# Specialist Keepers.......anyone?



## TSKA Rory Matier (May 27, 2007)

The one thing that l am noticing of late as l look through the various drafts of codes of practice is the term - 'Specialist Keeper' which interests me anyway, because of the principals of TSKA - The Specialist Keepers' Association.

Our introduction within the website earned me much scorn when l originally opened up with it a couple of years ago, stating that l was being snobby and arrogant, this was not the intention, but l was trying to make a distinction between keepers that genuinely care about what they are and were doing.

But the codes of practice make a reference to the term, 'specialist keeper' so what in your eyes do you think the term specialist keeper means?

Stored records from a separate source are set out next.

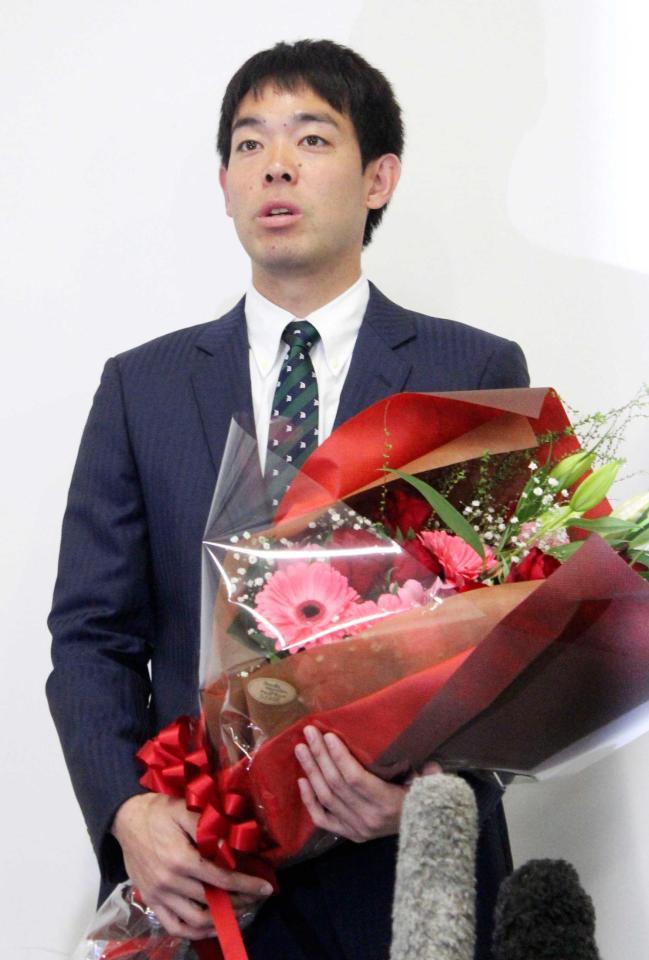 　取材に応じる米大リーグ、レッズの秋山＝２０日、埼玉県所沢市（共同）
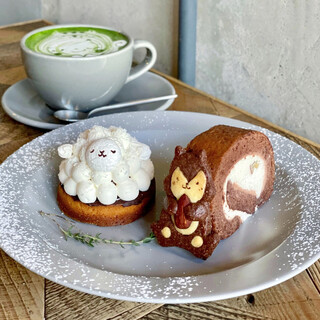COCOCHI CAFE - メリーさんのチョコバナナタルト、リスと木の実のロールケーキ、抹茶ラテ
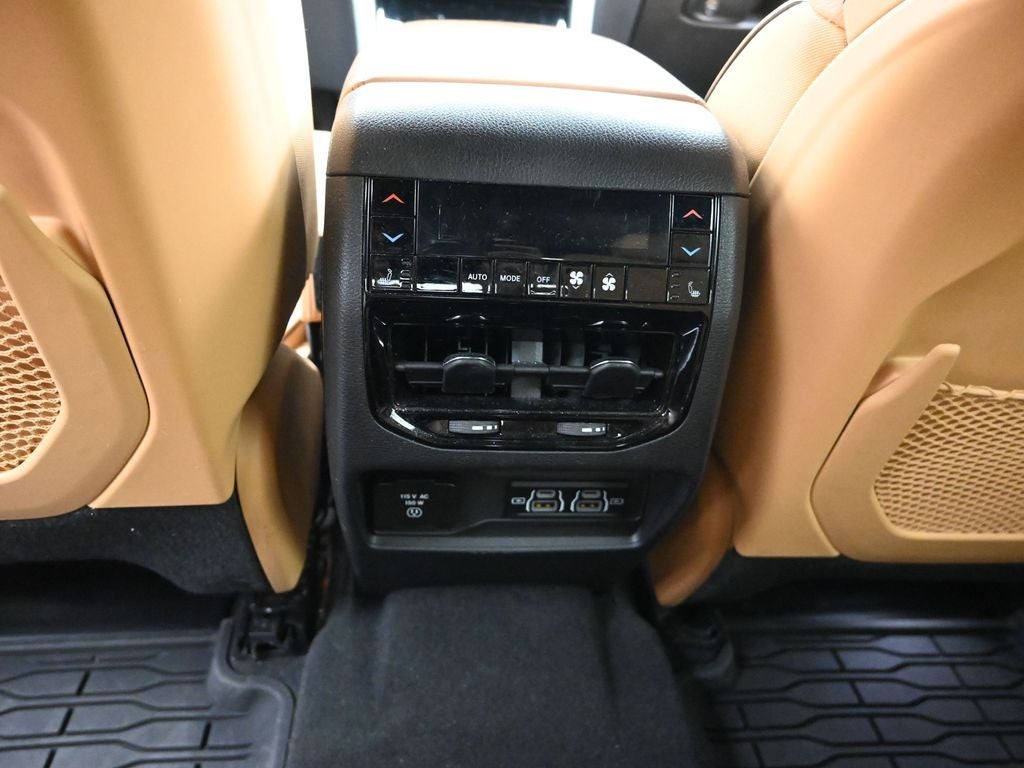 2023 Jeep Grand Cherokee L Summit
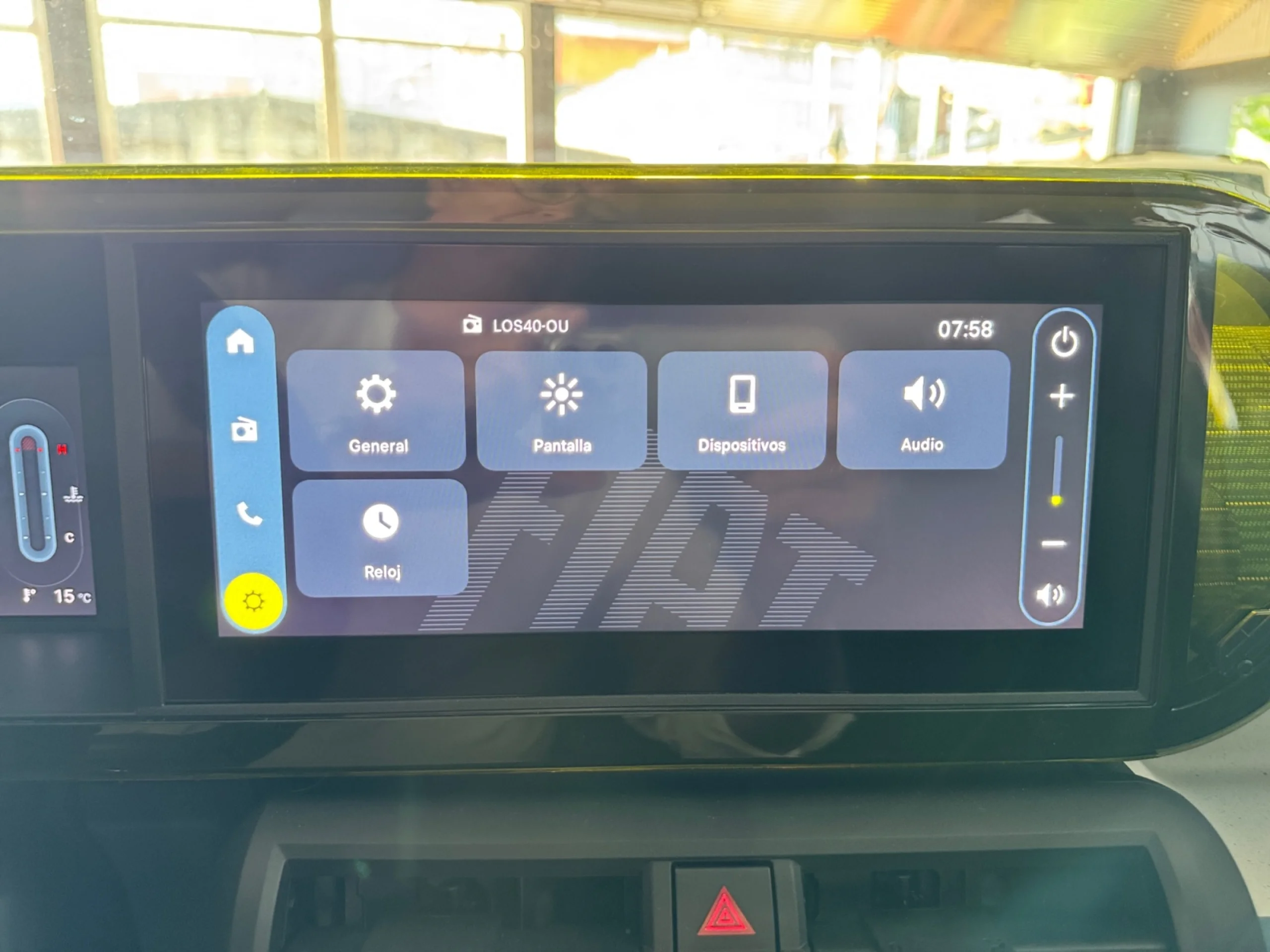 FIAT GRANDE PANDA ICON MHEV 74KW (100CV) - Foto 14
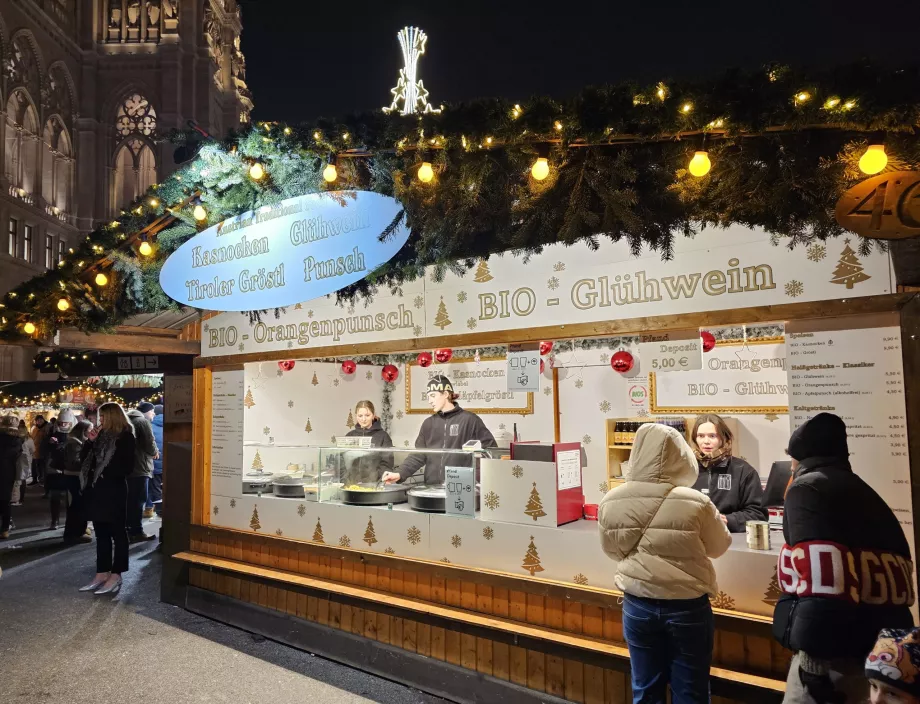 Mercado navideño frente al ayuntamiento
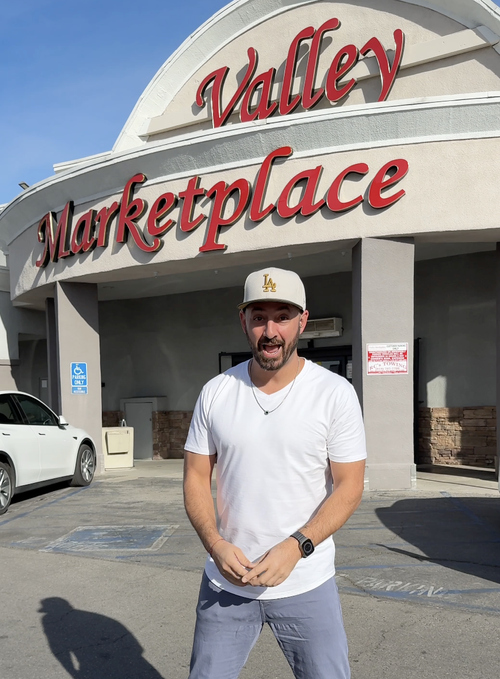 Take a Tour with Ara Zada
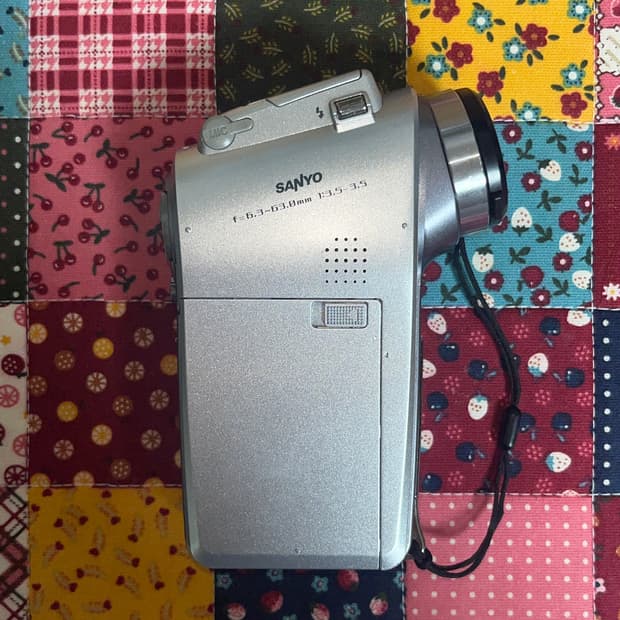 산요작티 캠코더 Sanyo Xacti VPC HD1A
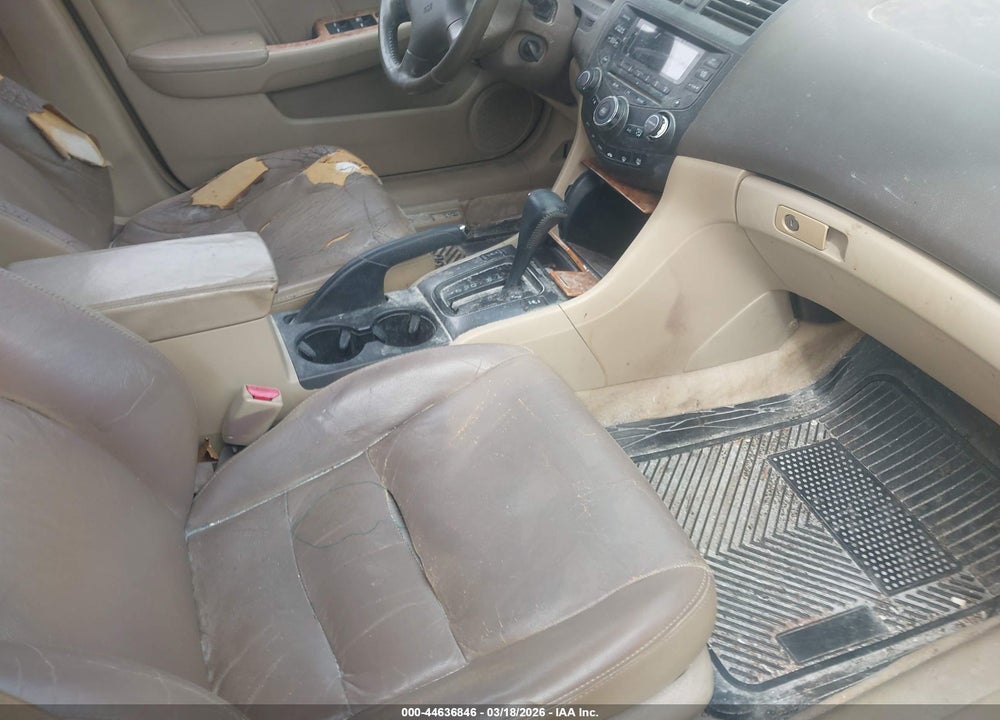 2005 HONDA ACCORD 2.4 EX VIN: 1HGCM56875A174114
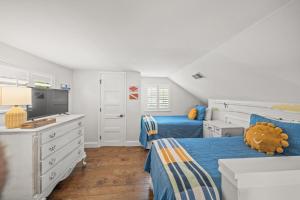 Voodi või voodid majutusasutuse Coconut Lagoon - Lovely Historic Renovated Cottage wHuge Heated Pool Backyard OasisCabanaBar toas +26 fotot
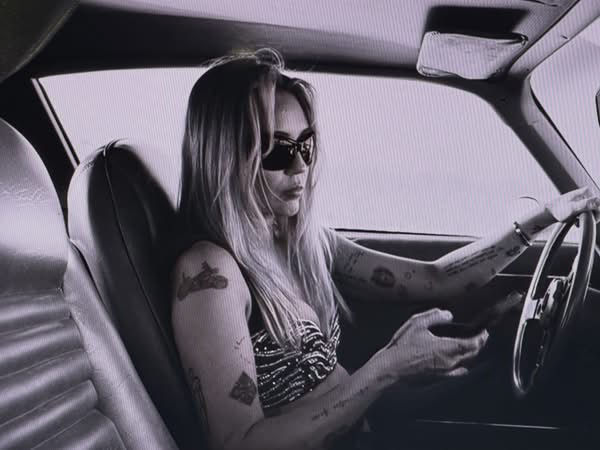 HOLLYWOOD BOWL: MILEY COMPARTILHA VÍDEO DE ENSAIO DE “DIFFERENT RELIGION”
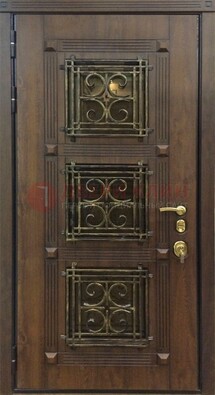 Коричневая металлическая дверь с виноритом и ковкой ДВТ-199 в Пушкино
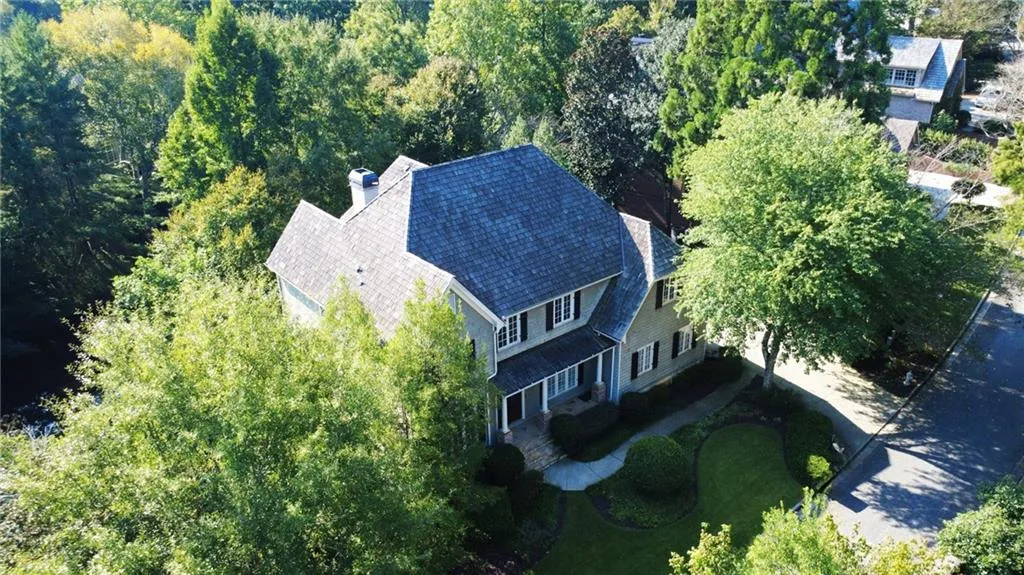 4595 Peachtree Dunwoody Road, Sandy Springs, Georgia 30342, 5 Bedrooms Bedrooms, 0 ,4 BathroomsBathrooms,Residential,For Sale,4595 Peachtree Dunwoody Road,7848861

I know what l mean and how l feel and think, especially in more recent times, but what do you think they mean - They? as in those whom will be addressing the codes of practice to exotic species husbandry and maintenance.

Rory
*What is a Professional and what is a Specialist Keeper?*

*Well we believe it comes down to personal interpretation from each individual as to how they see this title and what it means to them in reference to the keeping of animals.*

*It comes down to an independant belief due to there being no precisely written standards on what is compliant with each identity.*

*Some may perceive the term professional to mean 'Qualified' in so far as having certifications from their chosen field of expertise, or qualified in a more generalised aspect of their field/s. *

*And yet this could be classed as 'Professional', especially if the certifications have come from a recognised awarding body.*

*There is of course higher education that individuals can take from the basic qualification to much higher levels of certification and achievement. *

*Whilst we agree that qualifications is a committed step towards professionalism, the learning curve is ongoing throughout our lives, and education and the ability to learn is displaying that the individual has the motivation to absorb, digest and understand what is presented before them.*
*And we acknowledge this process.*

*But it also takes an individual who is quite possibly previously experienced with animal keeping to possess the ability to take on board qualified learning process's.*

*As many parties whom pay heed towards the 'qualified professional' in so far as we have just discussed, there are many others who say that a keeper who has been awarded licencing such as the DWAL [Dangerous Wild Animals' Licence] is a sure fire candidate for professionalism.*

*Now this too holds some credit, for to be awarded this particular licence or similiar such licence in connection with the keeping and maintaining of animal species is clearly a recognition from the local governmental office, DEFRA that the successful applicant is to be seen as a professional.*

*But this is only applicable to species that are held within the Dangerous Wild Animal Licence [in connection with Exotic Species] where does that leave the 'specialist keeper' who does not hold species held within the licencing structure?*

*But we do acknowledge holders of awarded licencing.*

*But in so saying, this licencing just represents that the individual is an experienced keeper who has met with success the criteria laid down by the governing body.*

*So whilst we accept both of the above as serious contributions towards being classed as a professional keeper, what else is there?*

*I think that one of the most important features that is oft overlooked due to a confusion with the word itself is experience, the way an individual conducts herself or himself with the animals they maintain.*
*An experienced keeper will easily pass the criteria laid down by the licencing authorities, and they will by all means be able to adopt the learning curve process with ease, but in the latter what should happen if they have the ability but not the time?*

*My personal opinion is that an individual keeper can be classed as a professional in any field if they are able to display to others their complete understanding of the animals they are working with. This is not saying that they know everything - for as previously stated - we learn every day of our lives, and in the case of licencing they will use their experience in their application.*

*But in the case of the Professional Keeper & Specialist Exotics Keeper, l do believe that this statement would and could be held aloft.*

*"A keeper with considerable and knowledgeable experience in the captive husbandry of animals. Keeping their species in as as close to their natural environment as possible - either in a personal fulfillment capacity or in a zoological establishment employed capacity".*

*Whilst this does very specifically seemingly apply to the 'exotics keeper' alone, l think in the case of feline, canine and equine professional keepers, whilst not specifically tied into exotic fields, they should see what we are stipulating here.*

*That above all, be you a professional keeper or a specialist exotic keeper specialising in a particular field, that what is paramount in the broad picture is being able to 'conduct animal welfare for your species in a professional manner'*

*Is this not also the sign of a professional keeper?*​


----------